======== Entries shown ========

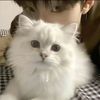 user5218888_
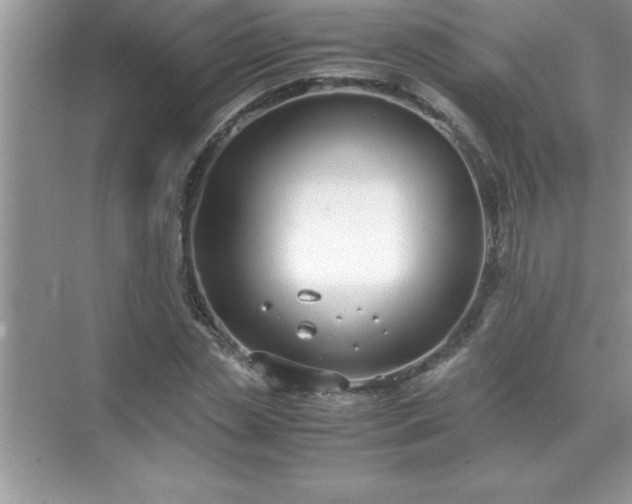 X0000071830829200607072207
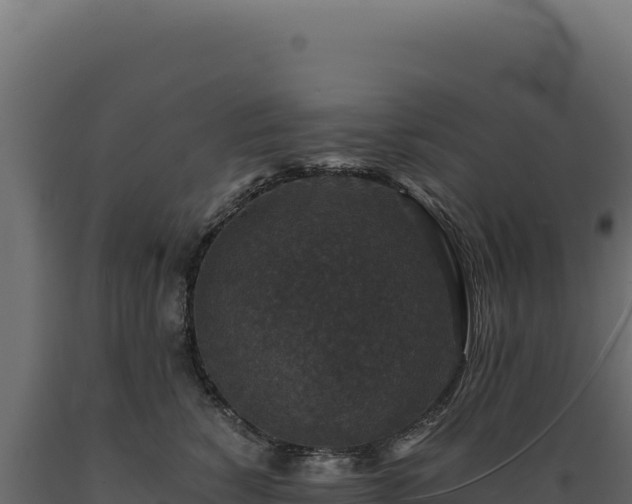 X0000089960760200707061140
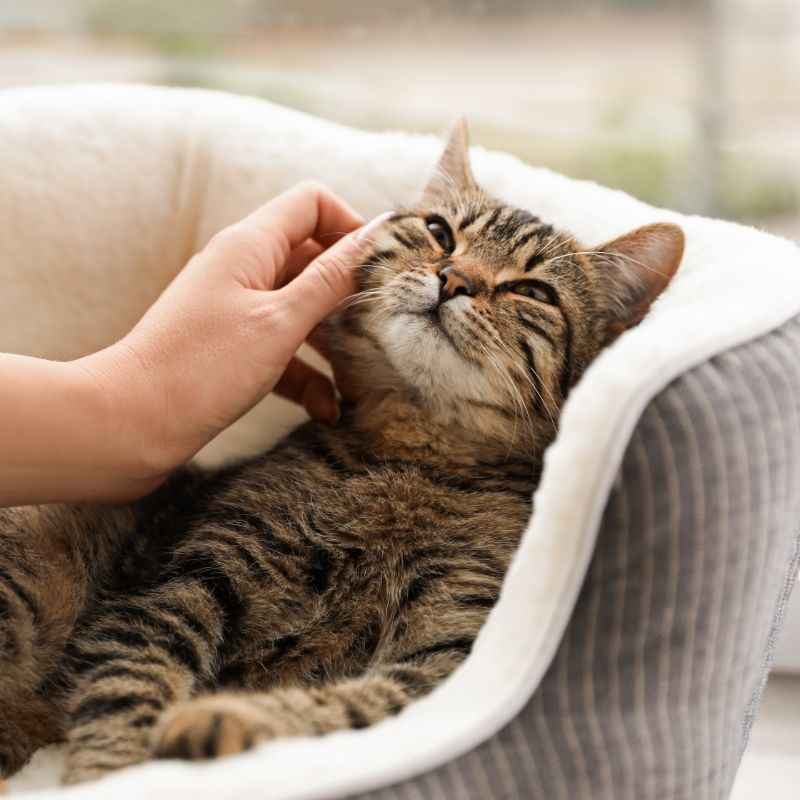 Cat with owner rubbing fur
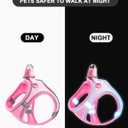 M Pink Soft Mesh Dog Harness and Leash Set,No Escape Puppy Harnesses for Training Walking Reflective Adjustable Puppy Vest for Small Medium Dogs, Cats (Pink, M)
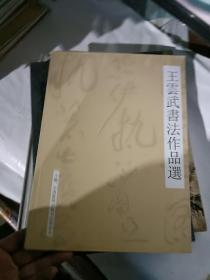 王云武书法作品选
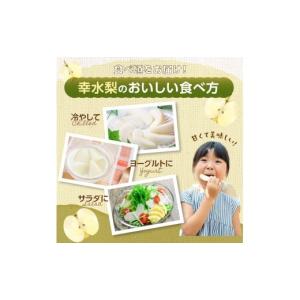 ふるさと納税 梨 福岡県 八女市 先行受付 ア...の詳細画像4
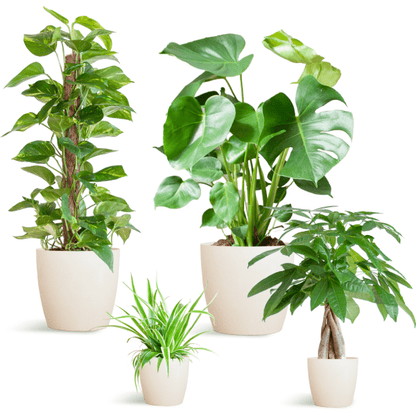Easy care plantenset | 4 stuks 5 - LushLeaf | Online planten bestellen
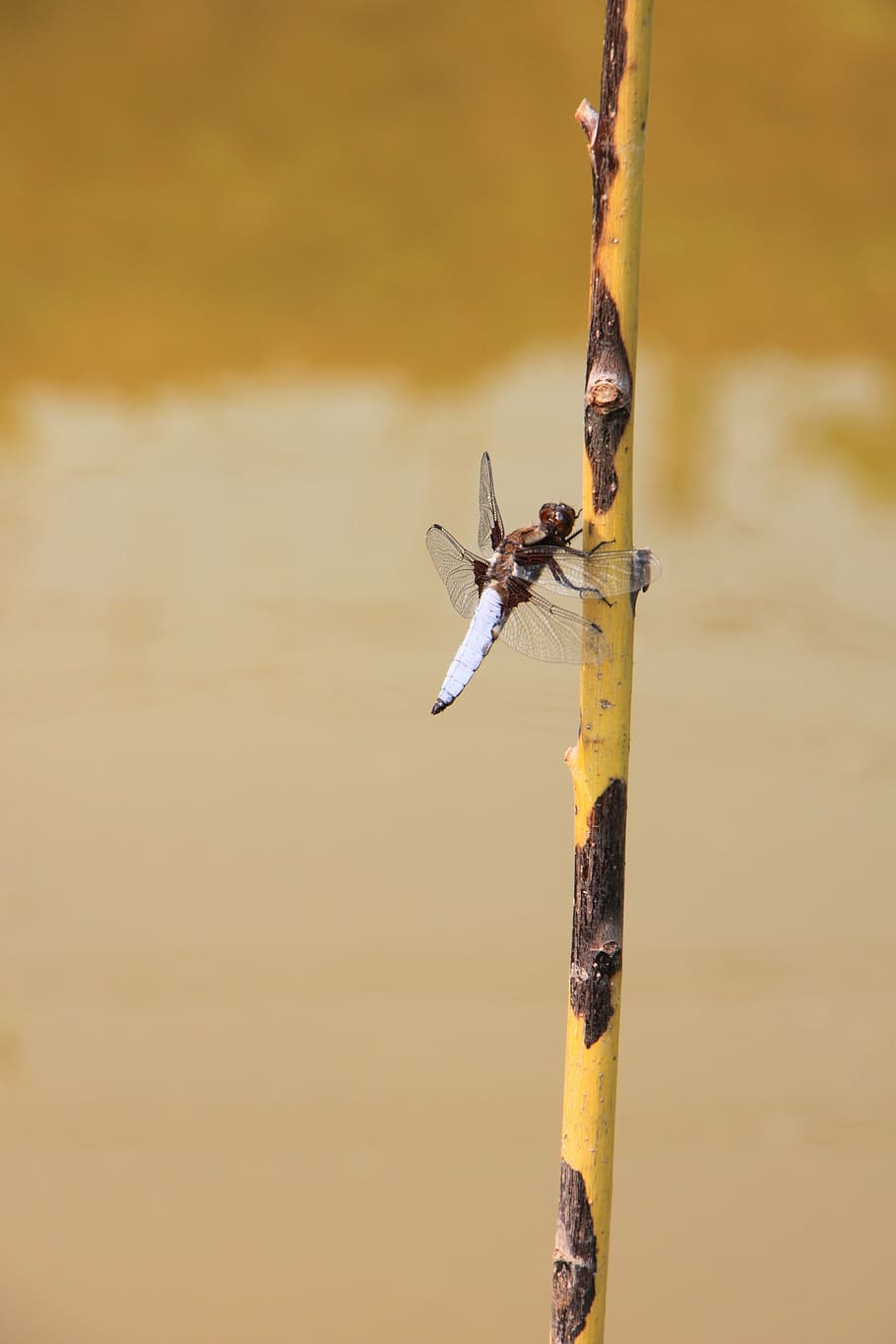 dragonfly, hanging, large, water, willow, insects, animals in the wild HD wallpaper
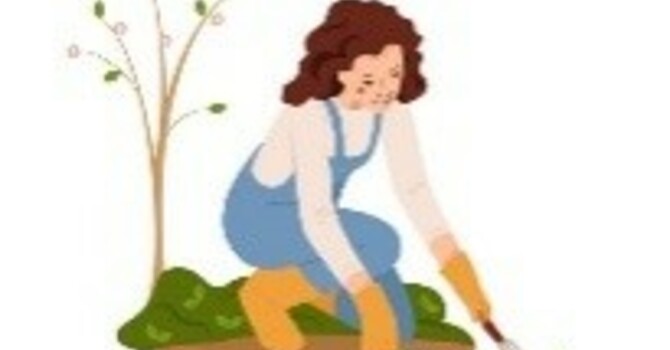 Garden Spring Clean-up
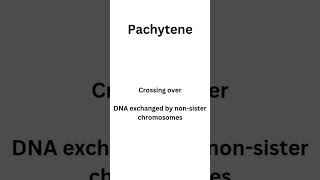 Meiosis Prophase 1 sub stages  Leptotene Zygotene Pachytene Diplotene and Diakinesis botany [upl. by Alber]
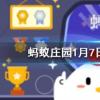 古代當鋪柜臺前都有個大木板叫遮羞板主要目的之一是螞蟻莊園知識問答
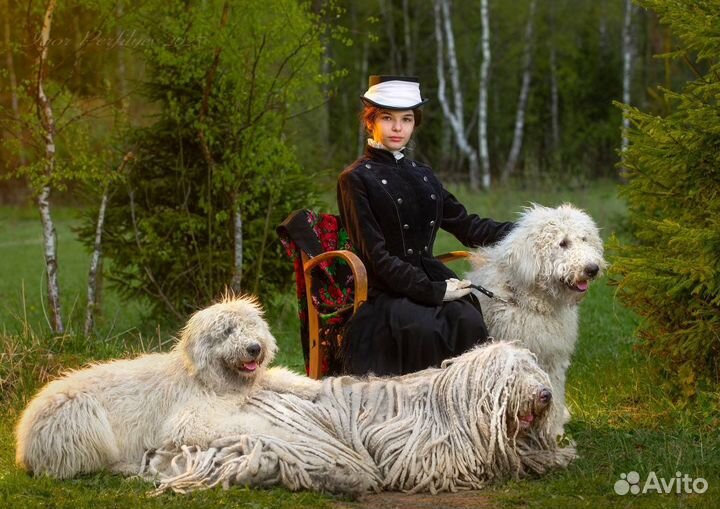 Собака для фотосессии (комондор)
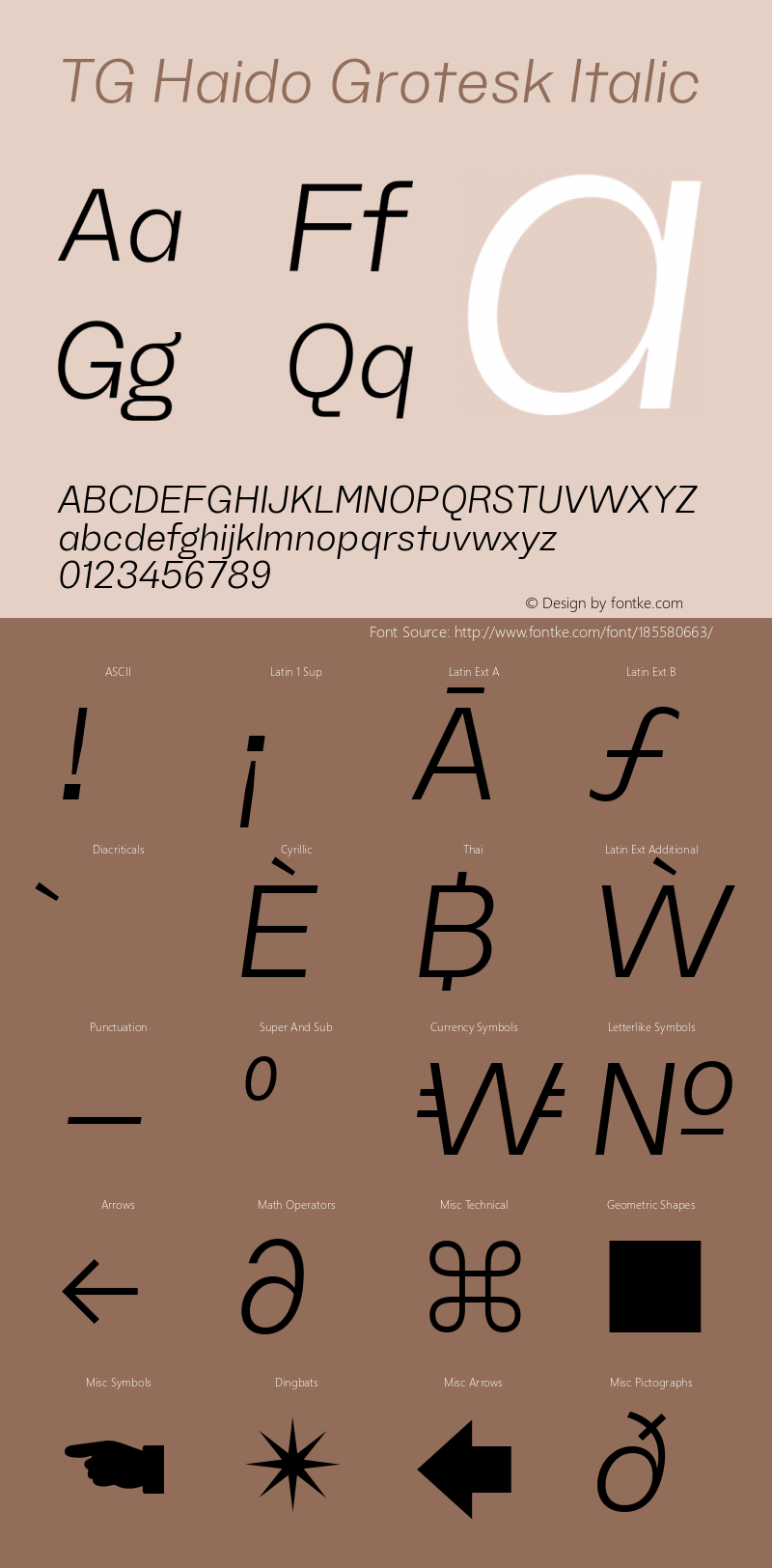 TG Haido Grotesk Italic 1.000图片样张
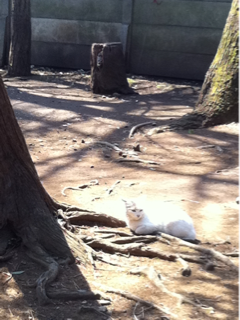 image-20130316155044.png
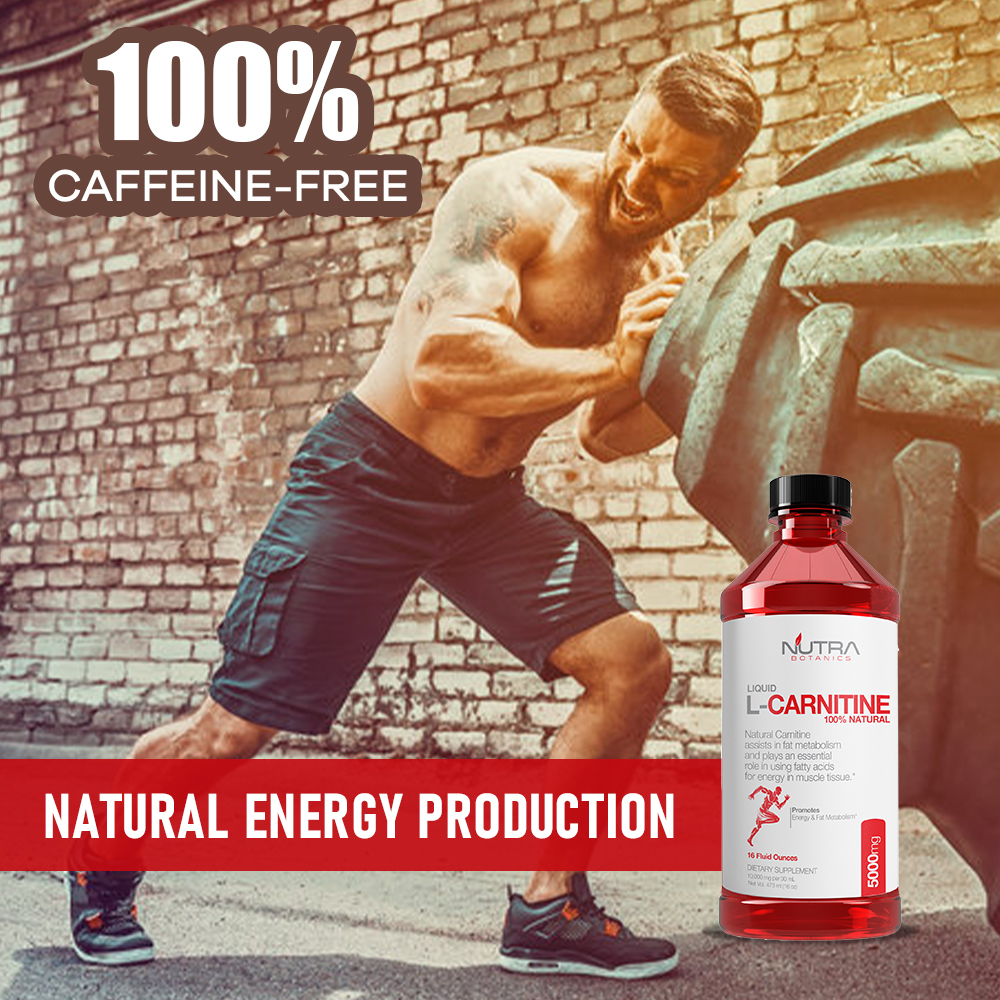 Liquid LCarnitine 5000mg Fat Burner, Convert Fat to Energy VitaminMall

========

Aim of the exercise. Although the records hold pictures, return only what remains, word for word.

Exercise result.
 user5218888_
 X0000071830829200607072207
 X0000089960760200707061140
 Cat with owner rubbing fur
 M Pink Soft Mesh Dog Harness and Leash Set,No Escape Puppy Harnesses for Training Walking Reflective Adjustable Puppy Vest for Small Medium Dogs, Cats (Pink, M)
 王云武书法作品选
 ふるさと納税 梨 福岡県 八女市 先行受付 ア...の詳細画像4
Easy care plantenset | 4 stuks 5 - LushLeaf | Online planten bestellen
 dragonfly, hanging, large, water, willow, insects, animals in the wild HD wallpaper
 Garden Spring Clean-up
 Meiosis Prophase 1 sub stages  Leptotene Zygotene Pachytene Diplotene and Diakinesis botany [upl. by Alber]
 古代當鋪柜臺前都有個大木板叫遮羞板主要目的之一是螞蟻莊園知識問答
 Собака для фотосессии (комондор)
 TG Haido Grotesk Italic 1.000图片样张
 image-20130316155044.png
 Liquid LCarnitine 5000mg Fat Burner, Convert Fat to Energy VitaminMall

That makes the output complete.